Lo sentiamo ripetere sempre. Mi pare addirittura che da qualche tempo questo mantra stia riprendendo vigore. 

Giunge a proposito un libretto velocissimo di Francesco Filippi:  Mussolini ha fatto anche cose buone: Le idiozie che continuano a circolare sul fascismo di cui raccomando a tutti la lettura, soprattutto a chi è convinto che il ventennio sia stato una specie di età dell’oro. 

Si legge in un batter d’occhio e libera il campo dai luoghi comuni sui “miracoli” del fascismo. 

Non è mia intenzione rubare il lavoro a Filippi, ma due o tre cosuccie le voglio sintetizzare in questo post.  Non c’è niente di nuovo o di strabiliante. Sono cose che chi vuole può trovare facilmente, e Filippi fa a tal proposito un ottimo lavoro di bibliografia, 

Il Duce ha dato la pensione agli italiani?

Il primo sistema pensionistico fu introdotto in Germania da Bismark, nel 1888. La sua iniziativa fu man mano introdotta dagli altri paesi dell’Europa industriale. In Italia fu Crispi, nel 1895, ad introdurre i trattamenti pensionistici per impiegati pubblici e militari. Poi, nel 1898, il governo Pelloux estese la copertura ad altre categorie di lavoratori e fondò la “Cassa nazionale di Previdenza per l’invalidità e la vecchiaia degli operai”. Le lotte operaie degli anni successivi ottennero di estendere le protezioni alle maggiori categorie di lavoratori. Dopo la prima guerra mondiale, nel 1919, altre riforme introdussero altre protezioni e l’adesione delle aziende alla “Cassa” divenne obbligatorio. 
E allora il Duce cosa c’entra? Molto poco in realtà. Accentrò tutto sotto il controllo dello stato, cambiò nome alla Cassa trasformandola in “Istituto Nazionale Fascista della Previdenza Sociale”, assunse un numero spropositato di impiegati, tutti di estrazione fascista, giungendo ad avere la bellezza di 8000 impiegati, un’enormità rispetto ai tempi. L’INFPS inaugurò il periodo in cui bastava dimostrare di essere fascista della prima ora (legge 782 del 1939) per avere diritto ad essere assunto dalla pubblica amministrazione. Questo scatenò la caccia ad improbabili patentini di “squadrista doc”. 

Il Duce ha dato la 13ma agli italiani?

Mica tanto. La gratifica natalizia era già abitudine, se pur informale, in molti paesi europei, Francia e Germania in testa. Il Duce la lasciò per lungo tempo alla scelta volontaria degli impenditori. Fu solo nel 1937 che venne inserita in una norma di legge riguardante il contratto collettivo dei lavoratori dell’Industria. Ma….. bilanciata dallo straordinario obbligatorio che poteva estendere l’orario di lavoro fino a 12 ore. I lavoratori non potevano rifiutare gli straordinari, il lavoro festivo e quello notturno.  

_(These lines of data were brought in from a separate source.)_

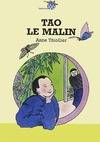 Tao le malin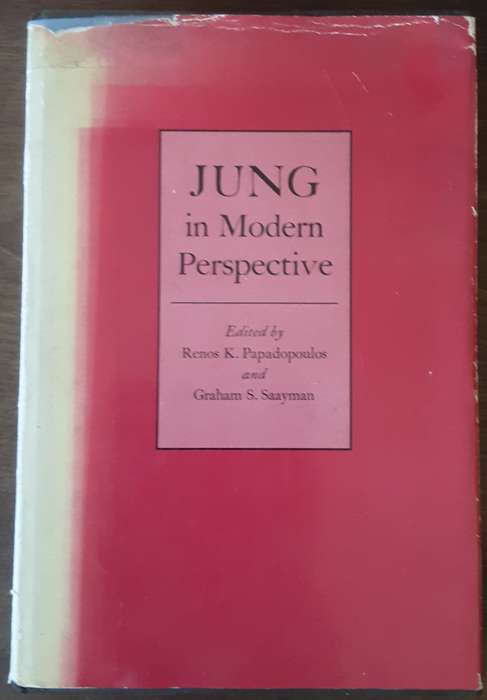 Jung in Modern Perspective edited by Renos Papadopoulos & Graham Saayman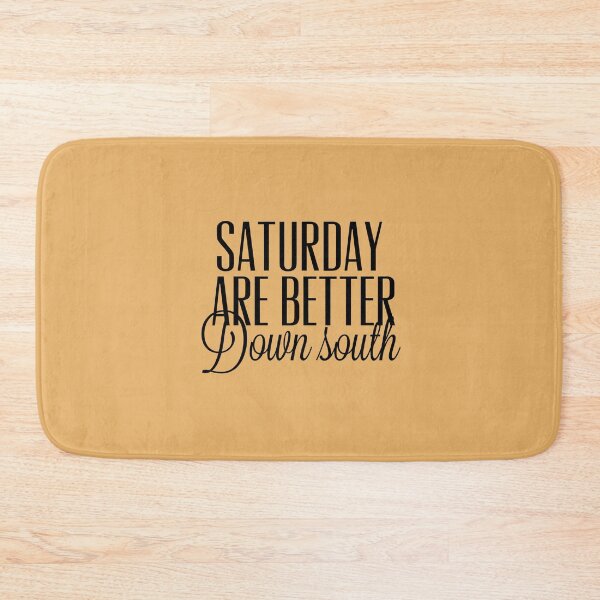 Item preview, Saturdays Are Better Down South designed and sold by medbouk1.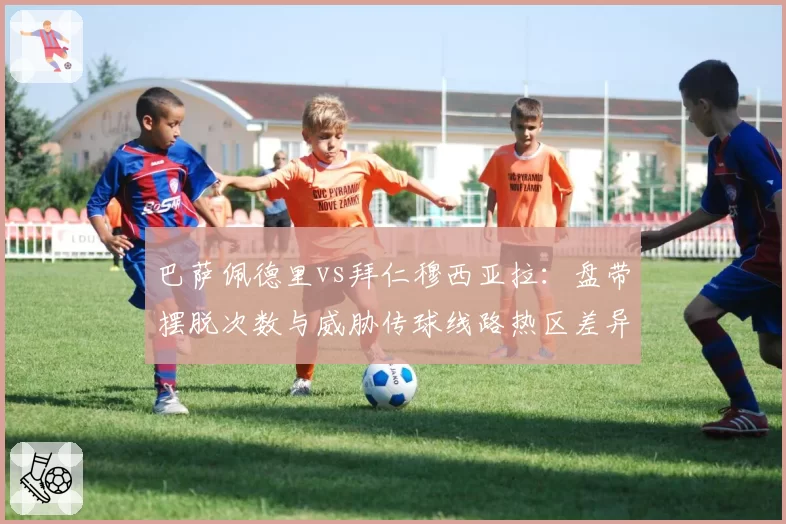 巴萨佩德里vs拜仁穆西亚拉：盘带摆脱次数与威胁传球线路热区差异分析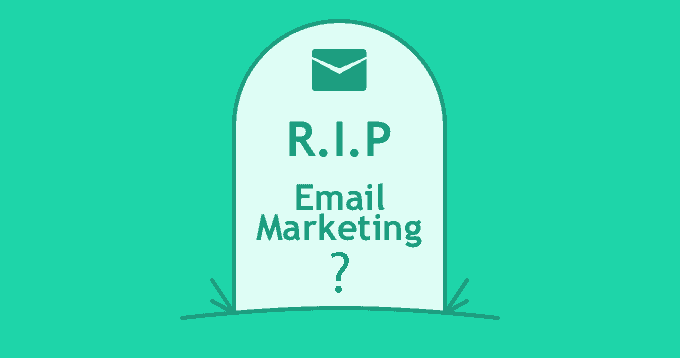 mito de marketing digital: a morte do e-mail marketing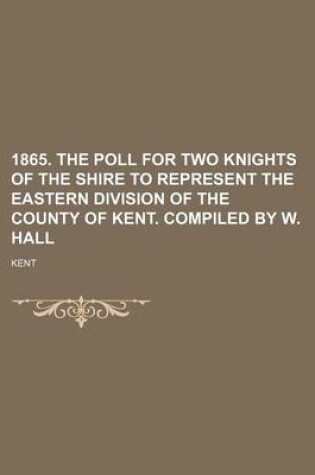 Cover of 1865. the Poll for Two Knights of the Shire to Represent the Eastern Division of the County of Kent. Compiled by W. Hall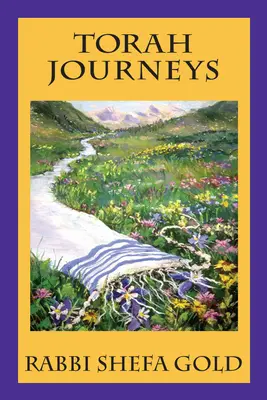 Tórai utazások: A belső út az ígéret földjére - Torah Journeys: The Inner Path to the Promised Land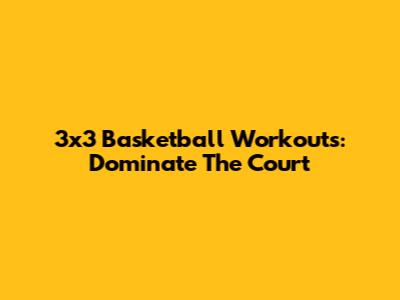 3x3 Basketball Workouts: Dominate The Court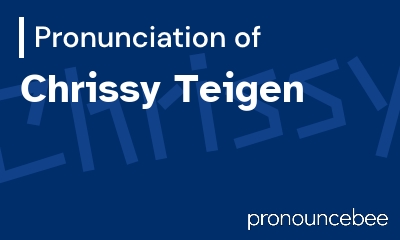 how to pronounce chrissy-teigen feature image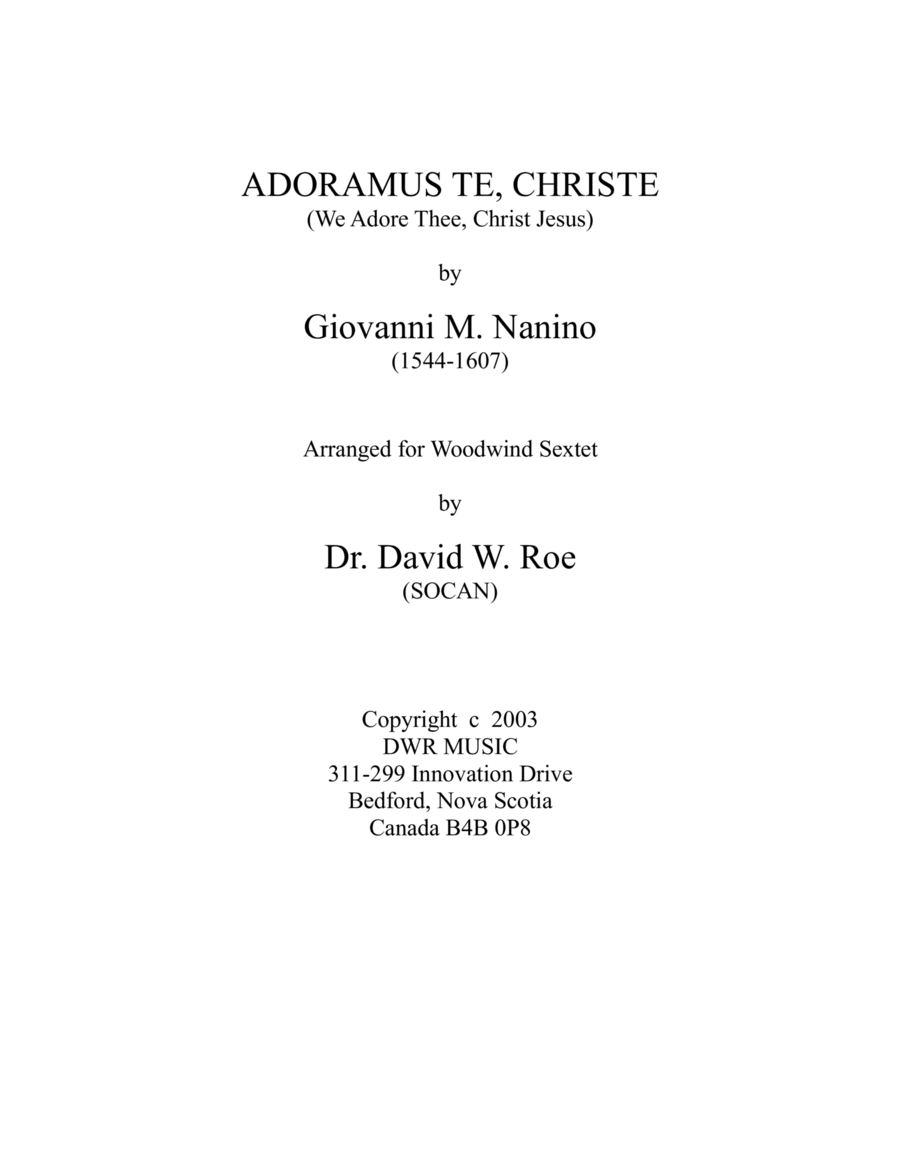 Adoramus te, Christe by Giovanni M Nanino (1544 - 1607) for Woodwind Sextet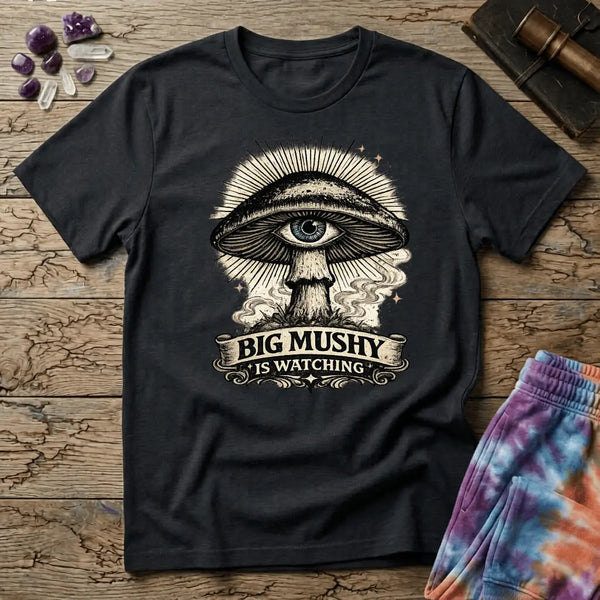 Big Mushy Is Watching T-Shirt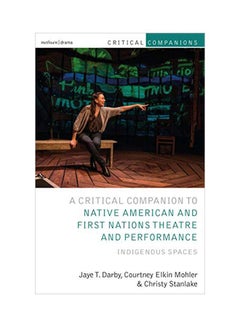 Critical Companion To Native American And First Nations Theatre And Performance: Indigenous Spaces hardcover english - 06 February 2020
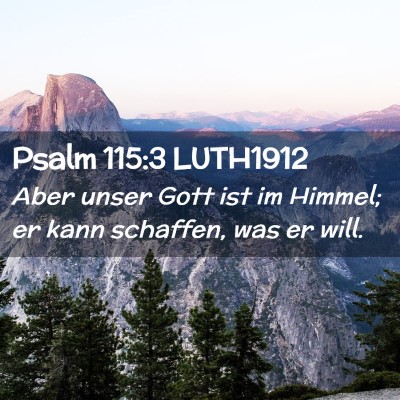 Picture 02 - Psalm 115:3 LUTH1912 - Aber unser Gott ist im Himmel; er kann schaffen, - Bible Verse Picture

Il Duce ha bonificato le paludi?

Forse un po’. Ma non ha inventato niente. Furono già i romani ad affrontare questo problema. Poi il papato, nel Quattrocento. Poi il Regno d’Italia, con una legge ad hoc nel 1878 e più avanti nel 1905 e nel 1922. Nessuno di questi interventi fu però risolutivo. Il Duce ebbe il merito di coordinare gli sforzi e di fare una serie di leggi che stanziavano ficre iperboliche, soprattutto nel futuro. Ma i risultati furono molto inferiori alle attese. Cominciò nel 1923 promettendo di recuperare all’uso agricolo 8 milioni di ettari. Dopo 10 anni dichiarò trionfante di averne recuperati 4 milioni, ma un’analisi più approfondita dimostra che si trattava in realtà di 2 milioni di ettari di cui 1,5 milioni erano il risultato degli interventi già avviati in epoca prefascista. Risultato netto dello sforzo: 0.5 milioni di ettari sugli 8 promessi. Non molto, a dire il vero. 

E l’elenco continua, ma non vi voglio togliere il piacere di leggere il libro di Francesco Filippi. Mi limito ad elencare gli argomenti:

  • Edilizia popolare
  • Urbanistica e trasporti
  • Gestione delle emergenze
  • Giustizia e legalità
  • Sconfitta della mafia
  • Economia
  • IRI
  • Condizione femminile

Per ognuno di questi punti Filippi dimostra quanto i presunti meriti del Duce siano in realtà privi di consistenza e frutto di abile comunicazione mediatica.